(STORED DATA)

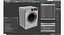 3D model samsung white load dryer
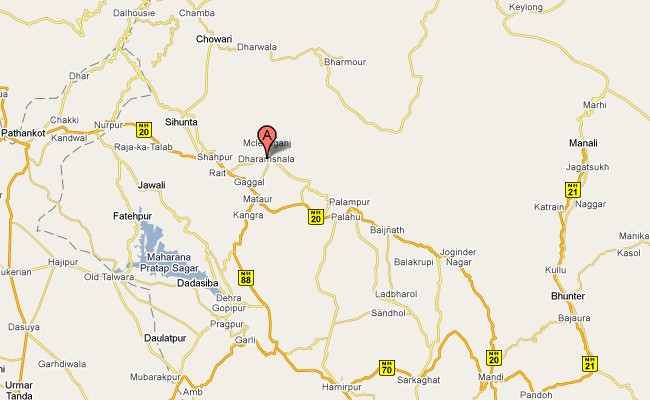 Dharamshala Map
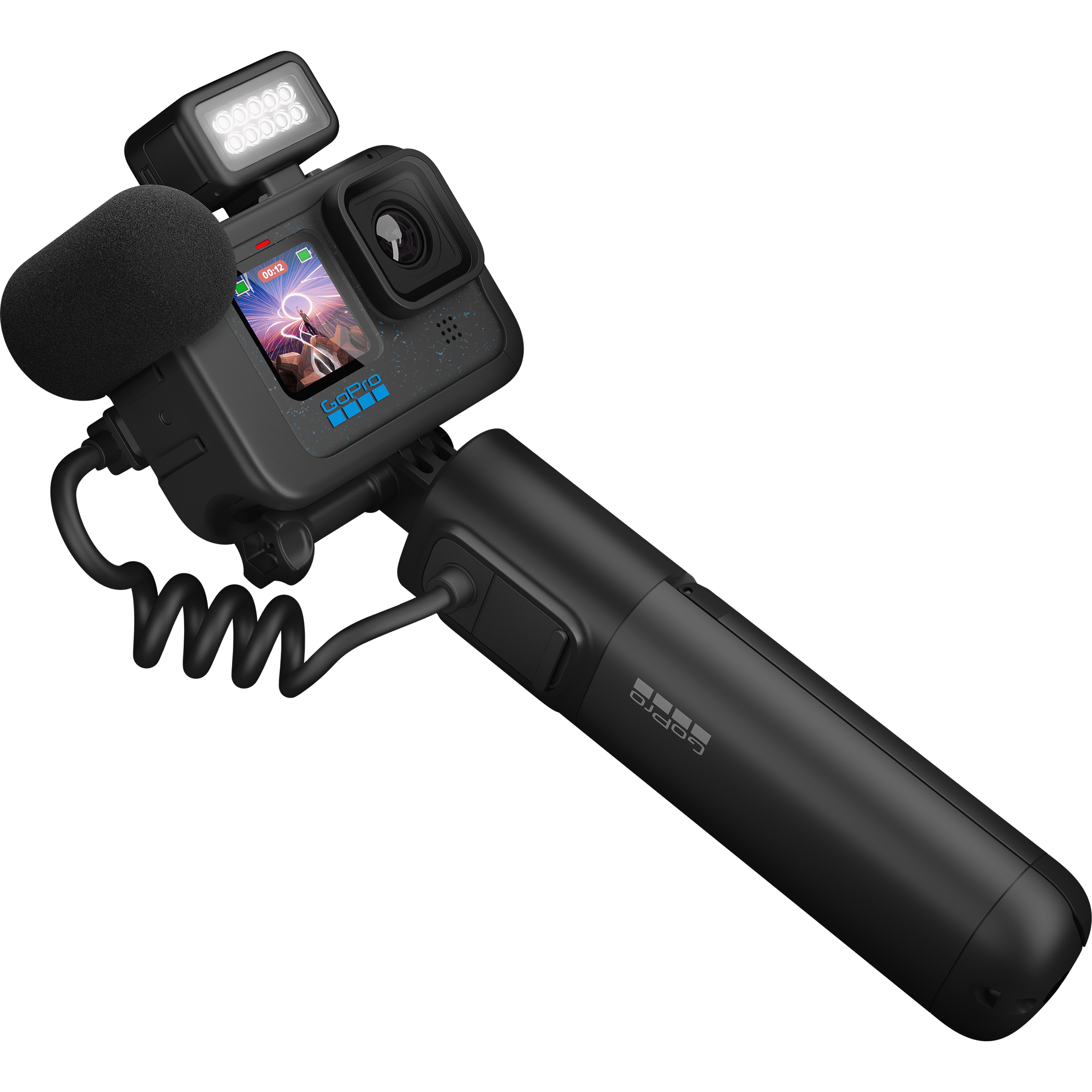 מצלמת אקסטרים GoPro Hero 12 Black Creator Edition - צבע שחור שנתיים אחריות ע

(End STORED DATA)

TASK PROMPT >> Print all of the material exactly. Omit pictures.

FINISHED EXERCISE >>
 3D model samsung white load dryer
 Dharamshala Map
 מצלמת אקסטרים GoPro Hero 12 Black Creator Edition - צבע שחור שנתיים אחריות ע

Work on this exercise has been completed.